Your assignment - Would you output the entries below only from the line containing "Used 2003 Jeep Wrangler X AWD/4WD image 13" through the line containing "Elena - Center", exactly as they stand and with both ends included?

Dataset excerpts -
----------------

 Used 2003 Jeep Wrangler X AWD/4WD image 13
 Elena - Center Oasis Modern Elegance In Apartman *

----------------

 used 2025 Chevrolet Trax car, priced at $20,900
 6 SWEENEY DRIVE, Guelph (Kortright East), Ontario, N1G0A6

----------------

Output for this task -
 Used 2003 Jeep Wrangler X AWD/4WD image 13
 Elena - Center Oasis Modern Elegance In Apartman *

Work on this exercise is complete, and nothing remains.